(Dataset records Opens)
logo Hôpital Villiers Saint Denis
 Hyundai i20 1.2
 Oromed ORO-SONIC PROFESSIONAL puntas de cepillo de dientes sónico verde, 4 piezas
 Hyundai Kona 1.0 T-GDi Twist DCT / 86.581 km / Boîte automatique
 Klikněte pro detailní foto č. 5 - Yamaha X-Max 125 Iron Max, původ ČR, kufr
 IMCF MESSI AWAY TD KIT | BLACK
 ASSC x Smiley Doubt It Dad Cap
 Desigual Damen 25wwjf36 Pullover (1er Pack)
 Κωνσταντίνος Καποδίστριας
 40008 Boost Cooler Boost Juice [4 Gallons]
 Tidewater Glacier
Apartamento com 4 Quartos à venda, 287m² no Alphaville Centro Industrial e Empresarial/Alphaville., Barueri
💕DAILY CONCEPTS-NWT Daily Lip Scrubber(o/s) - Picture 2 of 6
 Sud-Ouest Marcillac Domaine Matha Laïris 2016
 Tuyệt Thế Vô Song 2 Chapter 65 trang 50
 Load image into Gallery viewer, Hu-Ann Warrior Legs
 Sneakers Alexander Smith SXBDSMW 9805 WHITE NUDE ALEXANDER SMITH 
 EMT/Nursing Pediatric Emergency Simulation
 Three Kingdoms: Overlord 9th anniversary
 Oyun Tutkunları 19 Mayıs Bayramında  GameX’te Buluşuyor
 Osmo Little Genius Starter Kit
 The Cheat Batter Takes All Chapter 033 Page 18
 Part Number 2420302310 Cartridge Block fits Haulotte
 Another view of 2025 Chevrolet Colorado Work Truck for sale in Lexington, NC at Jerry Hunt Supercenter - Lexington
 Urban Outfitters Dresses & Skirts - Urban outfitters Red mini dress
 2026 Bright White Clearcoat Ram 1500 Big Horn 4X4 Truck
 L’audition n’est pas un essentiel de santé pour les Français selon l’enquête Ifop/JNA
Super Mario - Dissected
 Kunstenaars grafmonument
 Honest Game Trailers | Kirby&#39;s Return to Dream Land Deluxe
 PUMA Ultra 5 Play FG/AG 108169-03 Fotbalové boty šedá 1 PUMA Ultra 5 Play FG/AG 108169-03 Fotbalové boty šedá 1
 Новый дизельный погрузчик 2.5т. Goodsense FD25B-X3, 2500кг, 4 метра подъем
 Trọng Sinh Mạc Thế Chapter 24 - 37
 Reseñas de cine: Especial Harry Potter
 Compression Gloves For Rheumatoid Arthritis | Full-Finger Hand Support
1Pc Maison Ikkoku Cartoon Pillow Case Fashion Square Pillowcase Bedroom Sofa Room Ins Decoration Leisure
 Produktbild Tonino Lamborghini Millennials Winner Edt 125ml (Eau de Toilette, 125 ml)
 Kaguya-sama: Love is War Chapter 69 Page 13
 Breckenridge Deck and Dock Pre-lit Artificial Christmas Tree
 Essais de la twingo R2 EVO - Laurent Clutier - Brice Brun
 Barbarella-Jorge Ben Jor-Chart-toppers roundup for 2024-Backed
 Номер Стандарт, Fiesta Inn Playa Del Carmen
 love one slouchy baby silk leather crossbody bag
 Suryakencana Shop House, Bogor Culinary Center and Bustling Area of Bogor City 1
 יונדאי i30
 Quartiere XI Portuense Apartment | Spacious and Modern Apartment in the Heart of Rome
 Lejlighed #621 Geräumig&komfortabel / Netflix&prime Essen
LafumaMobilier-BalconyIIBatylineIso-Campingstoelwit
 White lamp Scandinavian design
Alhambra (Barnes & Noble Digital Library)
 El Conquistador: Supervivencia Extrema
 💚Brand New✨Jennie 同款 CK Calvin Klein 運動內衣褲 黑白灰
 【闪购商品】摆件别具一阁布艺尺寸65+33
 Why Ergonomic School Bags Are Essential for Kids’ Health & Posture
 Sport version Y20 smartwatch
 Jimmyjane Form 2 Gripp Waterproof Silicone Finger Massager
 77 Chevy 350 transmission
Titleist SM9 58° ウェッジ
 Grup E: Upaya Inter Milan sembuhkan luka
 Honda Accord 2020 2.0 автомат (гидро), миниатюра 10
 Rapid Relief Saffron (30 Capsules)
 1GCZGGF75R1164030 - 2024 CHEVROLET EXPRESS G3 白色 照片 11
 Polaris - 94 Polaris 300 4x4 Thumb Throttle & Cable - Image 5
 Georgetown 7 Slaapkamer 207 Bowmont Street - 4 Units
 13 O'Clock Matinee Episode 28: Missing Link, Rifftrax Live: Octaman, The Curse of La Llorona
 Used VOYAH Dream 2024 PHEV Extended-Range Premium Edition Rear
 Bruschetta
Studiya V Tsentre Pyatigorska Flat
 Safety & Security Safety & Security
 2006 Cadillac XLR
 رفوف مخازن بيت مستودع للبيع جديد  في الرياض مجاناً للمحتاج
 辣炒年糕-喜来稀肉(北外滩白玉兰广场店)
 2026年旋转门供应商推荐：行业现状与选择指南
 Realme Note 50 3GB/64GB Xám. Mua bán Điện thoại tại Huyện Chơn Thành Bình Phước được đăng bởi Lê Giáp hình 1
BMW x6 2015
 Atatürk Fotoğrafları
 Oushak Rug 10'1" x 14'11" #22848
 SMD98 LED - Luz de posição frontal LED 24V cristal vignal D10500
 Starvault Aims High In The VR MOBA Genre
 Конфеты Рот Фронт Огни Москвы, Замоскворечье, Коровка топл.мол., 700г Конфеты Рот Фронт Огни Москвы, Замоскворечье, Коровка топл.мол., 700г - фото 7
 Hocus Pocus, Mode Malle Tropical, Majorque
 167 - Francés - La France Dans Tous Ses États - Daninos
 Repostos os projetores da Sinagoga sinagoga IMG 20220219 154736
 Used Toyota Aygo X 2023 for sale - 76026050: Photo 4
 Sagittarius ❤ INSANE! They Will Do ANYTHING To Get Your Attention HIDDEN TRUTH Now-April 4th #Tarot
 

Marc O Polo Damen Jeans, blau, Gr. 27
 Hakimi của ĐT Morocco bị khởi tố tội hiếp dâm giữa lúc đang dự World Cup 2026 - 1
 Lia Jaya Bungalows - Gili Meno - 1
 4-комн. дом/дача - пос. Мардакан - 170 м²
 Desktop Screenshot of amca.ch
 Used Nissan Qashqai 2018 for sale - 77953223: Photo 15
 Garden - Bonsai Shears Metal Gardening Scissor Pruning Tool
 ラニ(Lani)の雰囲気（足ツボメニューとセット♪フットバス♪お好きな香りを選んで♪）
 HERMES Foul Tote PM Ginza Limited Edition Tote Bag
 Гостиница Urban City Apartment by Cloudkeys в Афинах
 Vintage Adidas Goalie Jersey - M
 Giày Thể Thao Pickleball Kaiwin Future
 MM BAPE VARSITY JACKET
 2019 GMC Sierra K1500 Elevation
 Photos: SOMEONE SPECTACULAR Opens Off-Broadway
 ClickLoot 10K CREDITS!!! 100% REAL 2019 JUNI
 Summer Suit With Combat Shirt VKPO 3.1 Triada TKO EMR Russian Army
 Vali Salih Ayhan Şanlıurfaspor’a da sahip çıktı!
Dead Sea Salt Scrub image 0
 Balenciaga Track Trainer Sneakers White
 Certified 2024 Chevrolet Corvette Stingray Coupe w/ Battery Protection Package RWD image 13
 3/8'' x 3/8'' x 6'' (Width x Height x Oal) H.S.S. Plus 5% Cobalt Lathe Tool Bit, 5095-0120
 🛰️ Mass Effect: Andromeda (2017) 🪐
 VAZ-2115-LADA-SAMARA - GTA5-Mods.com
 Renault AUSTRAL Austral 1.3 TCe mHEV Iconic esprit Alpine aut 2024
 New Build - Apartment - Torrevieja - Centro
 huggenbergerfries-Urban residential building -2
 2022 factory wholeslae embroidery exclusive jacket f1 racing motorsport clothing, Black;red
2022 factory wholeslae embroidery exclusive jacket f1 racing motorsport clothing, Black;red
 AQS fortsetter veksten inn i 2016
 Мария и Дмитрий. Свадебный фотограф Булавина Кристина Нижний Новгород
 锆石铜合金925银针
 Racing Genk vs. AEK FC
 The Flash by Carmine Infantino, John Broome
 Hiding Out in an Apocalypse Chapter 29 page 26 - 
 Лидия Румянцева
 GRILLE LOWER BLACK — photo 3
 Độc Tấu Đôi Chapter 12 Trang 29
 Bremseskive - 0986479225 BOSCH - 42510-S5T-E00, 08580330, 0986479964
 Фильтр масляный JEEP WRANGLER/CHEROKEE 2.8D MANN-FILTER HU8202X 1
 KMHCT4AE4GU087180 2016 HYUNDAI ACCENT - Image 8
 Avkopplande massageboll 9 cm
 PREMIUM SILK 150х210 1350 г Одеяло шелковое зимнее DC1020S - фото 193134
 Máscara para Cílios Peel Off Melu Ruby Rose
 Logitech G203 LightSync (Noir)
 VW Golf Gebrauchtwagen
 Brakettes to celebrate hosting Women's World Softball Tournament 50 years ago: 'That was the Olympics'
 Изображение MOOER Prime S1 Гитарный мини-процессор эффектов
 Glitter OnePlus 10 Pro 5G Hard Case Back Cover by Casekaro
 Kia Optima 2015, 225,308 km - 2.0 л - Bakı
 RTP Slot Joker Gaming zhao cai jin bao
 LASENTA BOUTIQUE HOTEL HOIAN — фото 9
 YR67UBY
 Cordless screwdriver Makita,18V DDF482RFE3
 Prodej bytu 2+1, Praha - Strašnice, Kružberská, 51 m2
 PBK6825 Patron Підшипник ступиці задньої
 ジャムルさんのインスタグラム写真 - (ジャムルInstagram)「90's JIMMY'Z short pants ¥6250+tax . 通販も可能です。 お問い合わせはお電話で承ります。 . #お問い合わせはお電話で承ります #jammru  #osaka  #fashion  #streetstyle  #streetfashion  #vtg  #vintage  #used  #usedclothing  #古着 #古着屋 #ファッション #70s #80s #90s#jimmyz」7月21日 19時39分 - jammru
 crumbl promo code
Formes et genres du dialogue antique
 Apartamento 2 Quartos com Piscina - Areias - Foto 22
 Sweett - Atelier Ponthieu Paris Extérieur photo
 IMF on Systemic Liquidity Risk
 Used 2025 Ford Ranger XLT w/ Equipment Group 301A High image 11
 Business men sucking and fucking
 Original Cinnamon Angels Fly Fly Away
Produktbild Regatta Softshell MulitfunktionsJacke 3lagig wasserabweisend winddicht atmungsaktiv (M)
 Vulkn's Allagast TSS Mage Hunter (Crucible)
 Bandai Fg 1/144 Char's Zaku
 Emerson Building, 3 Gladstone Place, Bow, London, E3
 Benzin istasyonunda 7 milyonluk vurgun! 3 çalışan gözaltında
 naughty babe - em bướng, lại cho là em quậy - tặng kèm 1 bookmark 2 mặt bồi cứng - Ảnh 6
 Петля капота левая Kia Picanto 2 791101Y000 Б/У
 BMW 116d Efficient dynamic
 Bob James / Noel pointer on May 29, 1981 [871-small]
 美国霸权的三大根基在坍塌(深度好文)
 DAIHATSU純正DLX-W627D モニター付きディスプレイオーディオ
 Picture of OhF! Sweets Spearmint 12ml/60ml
(Dataset records Closes)
▶ _Activity_:
Reproducing the whole listing above is not the task. Copy exactly only the lines from the one with "Фильтр масляный JEEP" to the one with "VW Golf Gebrauchtwagen", both kept.

▶ _Exercise result_:
 Фильтр масляный JEEP WRANGLER/CHEROKEE 2.8D MANN-FILTER HU8202X 1
 KMHCT4AE4GU087180 2016 HYUNDAI ACCENT - Image 8
 Avkopplande massageboll 9 cm
 PREMIUM SILK 150х210 1350 г Одеяло шелковое зимнее DC1020S - фото 193134
 Máscara para Cílios Peel Off Melu Ruby Rose
 Logitech G203 LightSync (Noir)
 VW Golf Gebrauchtwagen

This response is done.